Databricks Connector > SQL ELT with Databricks Connector > Mappings in SQL ELT mode for Databricks

Mappings in SQL ELT mode for Databricks

You can create mappings in SQL ELT mode to read data from Databricks, Amazon S3, or Microsoft Azure Data Lake Storage Gen2, load it to Databricks, and perform all of the data transformation within Databricks.

To create a mapping in SQL ELT mode, you create a mapping, and then select Mapping - SQL ELT as the mapping type. You're then prompted to choose Databricks as the cloud ecosystem and a Databricks target connection. If your organization doesn't have any Databricks connections, you're prompted to create one.

After you choose the target connection, the Mapping Designer opens. When you create a mapping, a Source transformation and a Target transformation are already on the canvas for you to configure.

Sources in mappings in SQL ELT mode

When you configure the source connection in the Source transformation, you can choose an Amazon S3 V2, a Databricks, or a Microsoft Azure Data Lake Storage Gen2 connection.

Amazon S3 V2 source properties

You can configure the following properties for an Amazon S3 V2 source:

•Source connection - Parameter, Allow parameter to be overridden at run time
•Source Type - Single, Parameter
•Format - Delimited, Avro, JSON, ORC, Parquet, and Delta
•Source Type - File and directory
•Folder Path
•File Name

For information on how to configure the supported properties, see the help for Amazon S3 V2 Connector.

Databricks source properties

You can configure the following properties for a Databricks source:

•Source connection - Parameter, Allow parameter to be overridden at run time
•Source Type - Single, query, parameter
•Database Name
•Table Name
•SQL Override

Google Cloud Storage source properties

You can configure the following properties for a Google Cloud Storage source:

•Source connection - Parameter, Allow parameter to be overridden at run time
•Source Type - Single, Parameter
•Format - Delimited, Avro, JSON, ORC, and Parquet
•Google Cloud Storage Path
•Source File Name
•Is Directory

For information on how to configure the supported properties, see the help for Google Cloud Storage V2 Connector.
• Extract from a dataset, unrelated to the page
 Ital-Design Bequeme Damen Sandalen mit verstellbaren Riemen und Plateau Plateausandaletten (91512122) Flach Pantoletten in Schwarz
Microsoft Azure Data Lake Storage Gen2 source properties

You can configure the following properties for a Microsoft Azure Data Lake Storage Gen2 source:

•Source connection - Parameter, Allow parameter to be overridden at run time
•Source Type - Single, Parameter
•Format - Delimited, Avro, JSON, ORC, Parquet, and Delta
•Filesystem Name Override
•Source Type - File and directory
•Allow Wildcard Characters
•Directory Override
•File Name Override

For information on how to configure the supported properties, see the help for Microsoft Azure Data Lake Storage Gen2 Connector.

Targets in mappings in SQL ELT mode

When you configure a Target transformation in a mapping in SQL ELT mode, you need to use only a Databricks connection.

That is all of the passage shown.